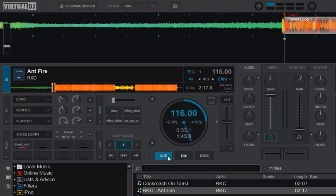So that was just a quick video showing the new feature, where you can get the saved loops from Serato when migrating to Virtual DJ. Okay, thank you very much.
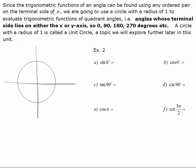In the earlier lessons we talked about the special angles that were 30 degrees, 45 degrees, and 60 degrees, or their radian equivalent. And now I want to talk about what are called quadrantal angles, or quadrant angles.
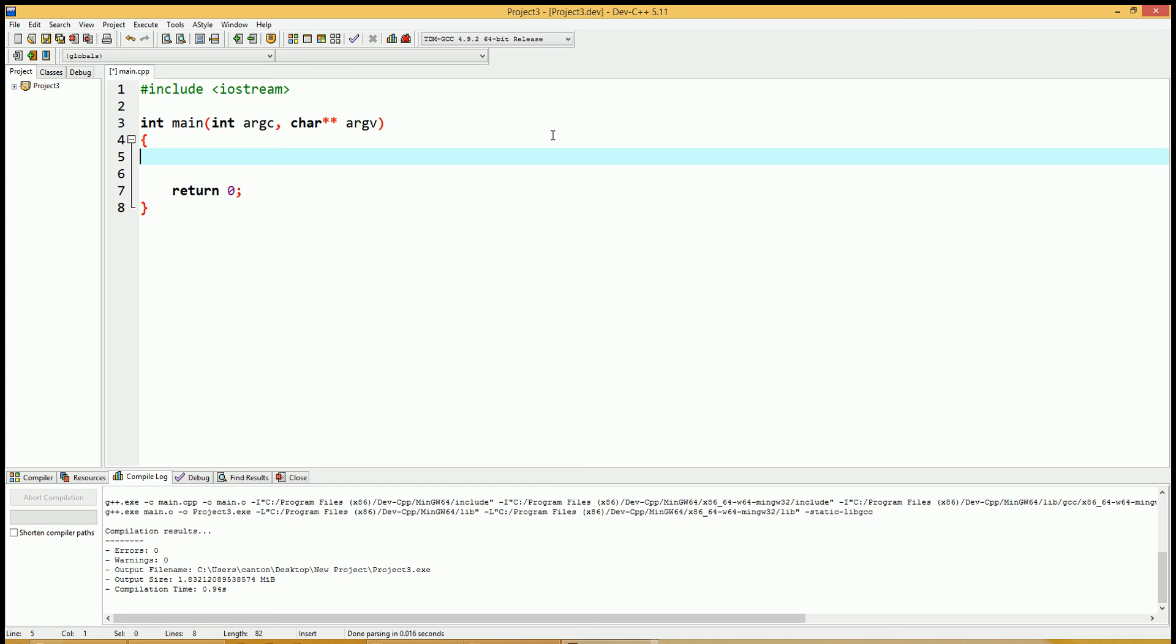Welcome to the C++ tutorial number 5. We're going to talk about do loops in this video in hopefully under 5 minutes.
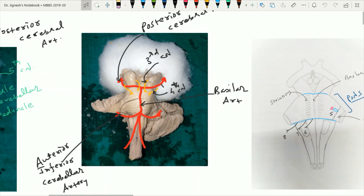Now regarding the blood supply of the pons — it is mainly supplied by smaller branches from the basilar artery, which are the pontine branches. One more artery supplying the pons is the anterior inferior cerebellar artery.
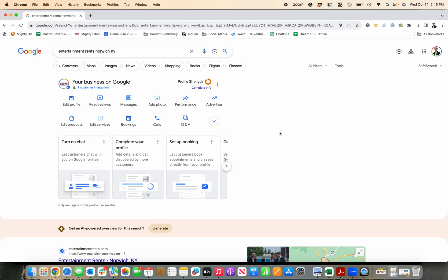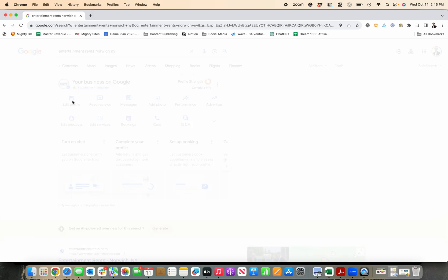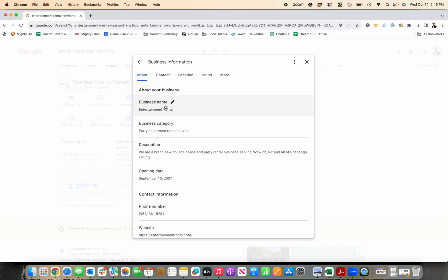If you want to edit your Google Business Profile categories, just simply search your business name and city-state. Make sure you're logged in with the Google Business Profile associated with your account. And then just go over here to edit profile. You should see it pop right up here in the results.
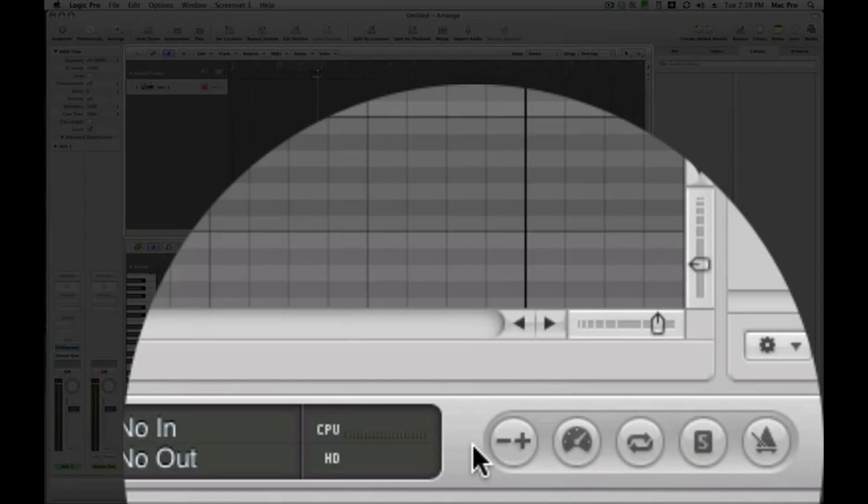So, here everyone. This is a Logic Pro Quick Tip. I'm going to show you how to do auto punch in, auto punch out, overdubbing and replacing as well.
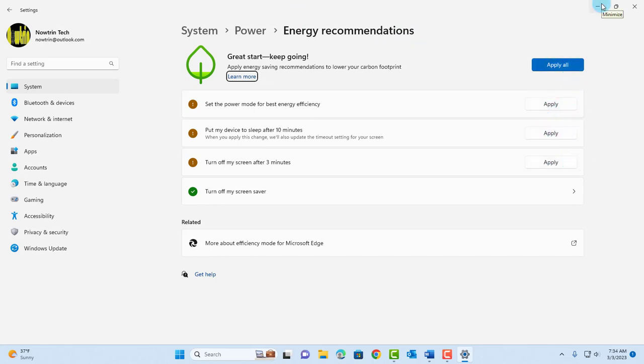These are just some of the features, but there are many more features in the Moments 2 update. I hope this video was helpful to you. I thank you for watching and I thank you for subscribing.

· · · · · · ·

_EXERCISE OBJECTIVE_
As you output the material, omit the pictures but alter nothing else.

_PROBLEM SOLUTION_
So that was just a quick video showing the new feature, where you can get the saved loops from Serato when migrating to Virtual DJ. Okay, thank you very much.
In the earlier lessons we talked about the special angles that were 30 degrees, 45 degrees, and 60 degrees, or their radian equivalent. And now I want to talk about what are called quadrantal angles, or quadrant angles.
Welcome to the C++ tutorial number 5. We're going to talk about do loops in this video in hopefully under 5 minutes.
Now regarding the blood supply of the pons — it is mainly supplied by smaller branches from the basilar artery, which are the pontine branches. One more artery supplying the pons is the anterior inferior cerebellar artery.
If you want to edit your Google Business Profile categories, just simply search your business name and city-state. Make sure you're logged in with the Google Business Profile associated with your account. And then just go over here to edit profile. You should see it pop right up here in the results.
So, here everyone. This is a Logic Pro Quick Tip. I'm going to show you how to do auto punch in, auto punch out, overdubbing and replacing as well.
These are just some of the features, but there are many more features in the Moments 2 update. I hope this video was helpful to you. I thank you for watching and I thank you for subscribing.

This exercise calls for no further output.